Hi Everyone, I know there are several posts on here about sleeping arrangements already but I can't find any from anyone who already has a dog and is getting a new puppy.

We have a five year old labradoodle who was crate trained and always slept alone downstairs. We left her all night from day one and she was housetrained within a week. She now (following a house move) sleeps on the bedroom floor and sleeps well all night. She lies in at weekends too!

We are getting a cockapoo puppy in July and I am really confused as to what to do! Do we do the same as we did with Boo and crate train her downstairs or would the puppy benefit from being in the bedroom with us and Boo?

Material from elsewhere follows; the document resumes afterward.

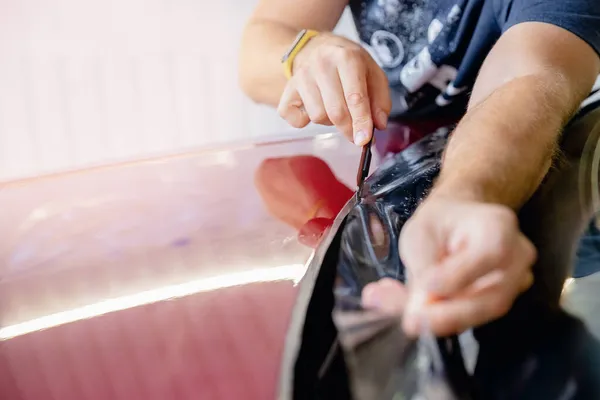 Proceso de pegado de capucha de coche rojo con película de vinilo protectora de astillas de grava y arañazos. Protección transparente para la pintura —  Fotos de Stock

I have really enjoyed reading other threads on this forum and look forward to receiving some good advice!


----------



## fairlie (Sep 7, 2013)

If it were me I'd keep puppy in a crate in your room until you've cracked the house training.


----------



## Goosey (Aug 22, 2014)

I think everyone is different in how they do this and there's no wrong way. I have a 14 month cockapoo that like yours was crated in the kitchen even though I never closed her in it and again like yours was house trained quickly. 
I'm getting another cockapoo puppy in June and I shall be doing the same again. Molly still sleeps in the kitchen ( this is her choice it's just where she chooses to sleep at night) day times she prefers the lounge. 
When the puppy arrive she will have to sleep upstairs whilst house training the new puppy, but afterwards both will have a choice of where they sleep!


----------



## emjon123 (Apr 9, 2013)

Bailey was crate trained in the kitchen too and she never wet her crate once. She too chooses to sleep in the kitchen at night and she sleeps there when no one at home. She does have a bed in the living room that she chooses when we are in the living room. She does sometimes come up to our room at night if I go to bed before my husband, but she always comes back down to her own bed. Everyone is different but this suits us and, more importantly, Bailey.


----------



## Peanut (Dec 1, 2013)

fairlie said:


> If it were me I'd keep puppy in a crate in your room until you've cracked the house training.


This is what I did with the second poo.
He slept very nicely from day one in the crate in the bedroom. Otherwise he will feel completely alone away from you and his mate, the other dog. 

Now... do not expect to have a dog potty trained in a week... wishful thinking with a cockapoo. They can learn quicker or not, but to the extend of no accidents... nope.


----------



## lady amanda (Nov 26, 2010)

my first has been sleeping in bed with us since she was a year and a half old....my second we crate trained just like the first, it aids in the potty training


----------



## Cat 53 (Aug 26, 2012)

My first slept in the kitchen with my 10 year old mini schnauzer and was very happy. After Mandy died and we got Phoebe, she slept in a dog travel box next to Max for three days. Day four we left the door open and they slept together in the kitchen and that's where they sleep to this day. In their dog beds with access to fresh water.


----------